- Shares of Dominion Energy are down 17% YTD.
- Sensing opportunity, George Soros picked up 225,000 shares of the electricity utility in Q1.
- Dominion’s problems will pass and investors that follow Soros’ lead will be glad they did.
In June 8th’s “2 Billionaires Have this 4.1% REIT In Their Portfolios” we learned that two of the world’s richest men, George Soros and Bill Gates, both owned shares of Crown Castle International (CCI).
Today, we analyze an even higher-yielding investment made by Mr. Soros that investors should strongly consider: Dominion Energy (D).
Electricity utilities have long been favorites of dividend investors. The reasons for this are simple. In exchange for putting up the capital to provide power to thousands of households, regulators guarantee them a reasonable rate of return – predictable profits that can be paid out in the form dividends.
The situation has worked well – imagine a world where you walk into your home after a long day.
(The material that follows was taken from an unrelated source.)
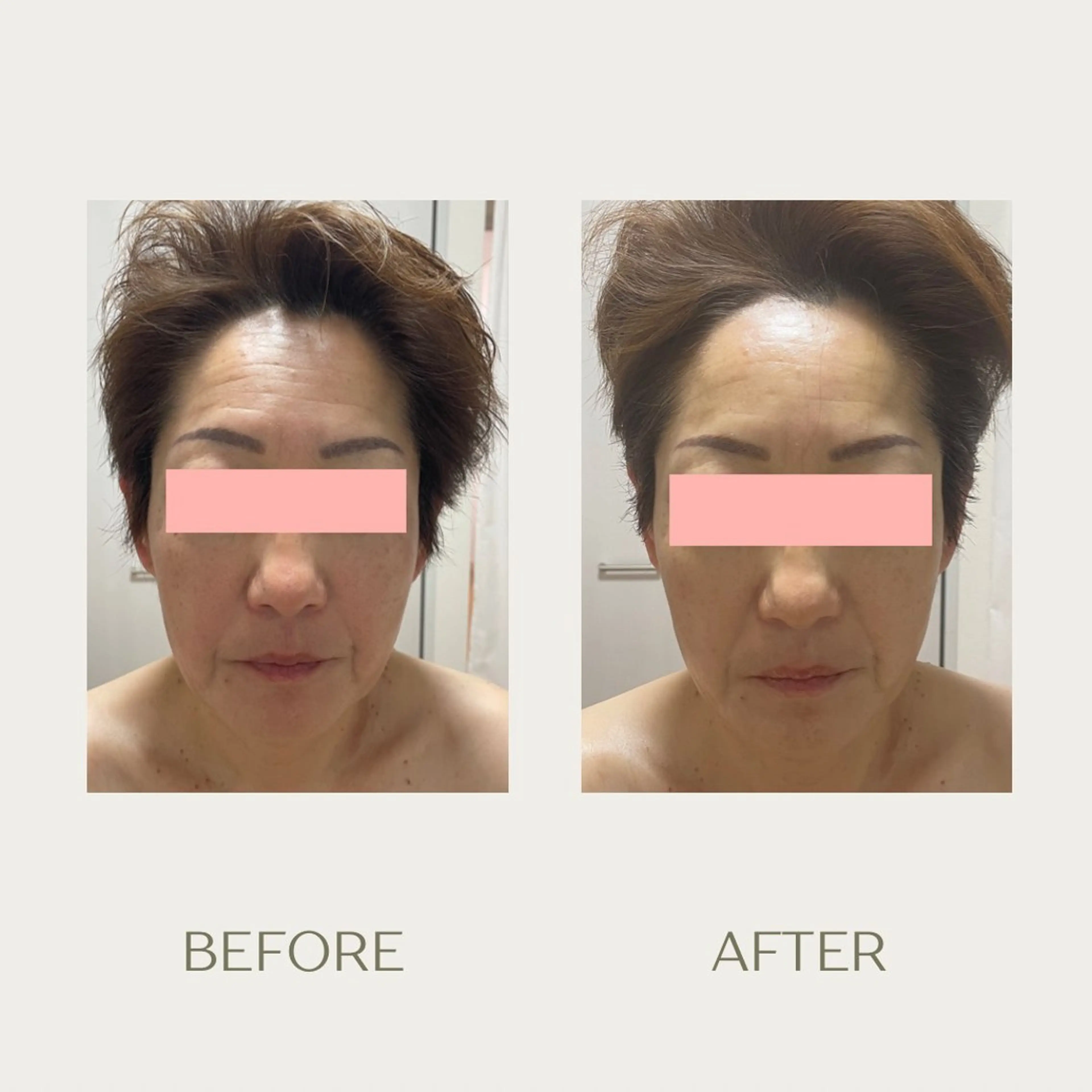 ピーリングケア 🤍moekoのエステ・リラクイメージ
The only thing on your mind is a hot meal and a cold drink. You reach to switch on the light switch, flip your index finger, and then nothing. A trivial event you rarely think twice about has now turned your whole evening upside down.
This course of events sounds familiar to us all – we shouldn’t feel bad about thinking little of what electricity utilities provide. That’s just the point: when things are going well, you don’t think about it.
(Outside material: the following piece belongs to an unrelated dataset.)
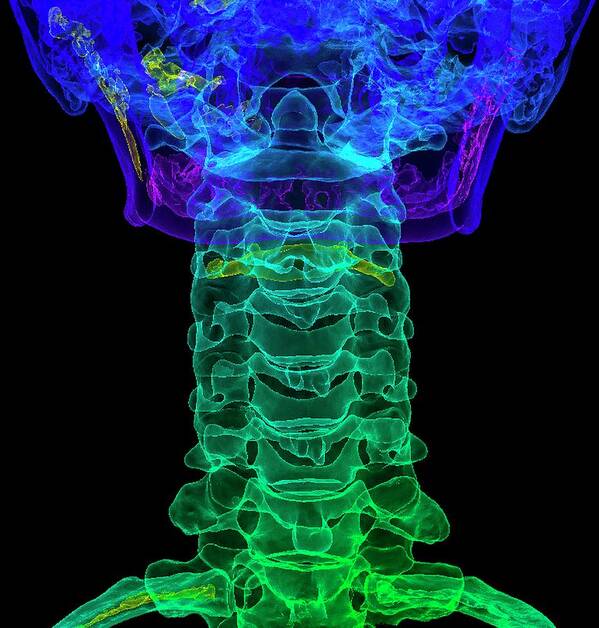 Bone Art Print featuring the photograph Cervical Spine Anatomy by K H Fung/science Photo Library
Which is why, as reasons we shall soon learn, investors should give strong consideration to following multi-billionaire investor George Soros into shares of Dominion Energy.
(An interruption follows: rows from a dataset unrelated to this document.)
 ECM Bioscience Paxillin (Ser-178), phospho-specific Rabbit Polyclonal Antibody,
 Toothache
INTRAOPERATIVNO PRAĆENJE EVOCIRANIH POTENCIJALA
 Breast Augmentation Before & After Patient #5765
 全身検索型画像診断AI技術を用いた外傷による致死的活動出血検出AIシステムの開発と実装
Finding near-certain dividend stocks is a rare thing in an investor’s life. And though they occasionally run into short-term travails, the public/private electric utility system in this country is alive and well and will likely continue to reward investors (and utility customers) for decades to come.
The hand that giveth taketh away…
In March 2018, the Federal Energy Regulatory Commission (FERC) handed down a ruling regarding the tax treatment of pipeline construction costs. Essentially, some pipeline operators lost a tax break. Unfortunately, Dominion Energy Midstream Partners (DM) (majority owned by Dominion Energy) was a beneficiary of this rule, and its units dropped like a stone from ~$26 to today’s ~$13 quotation.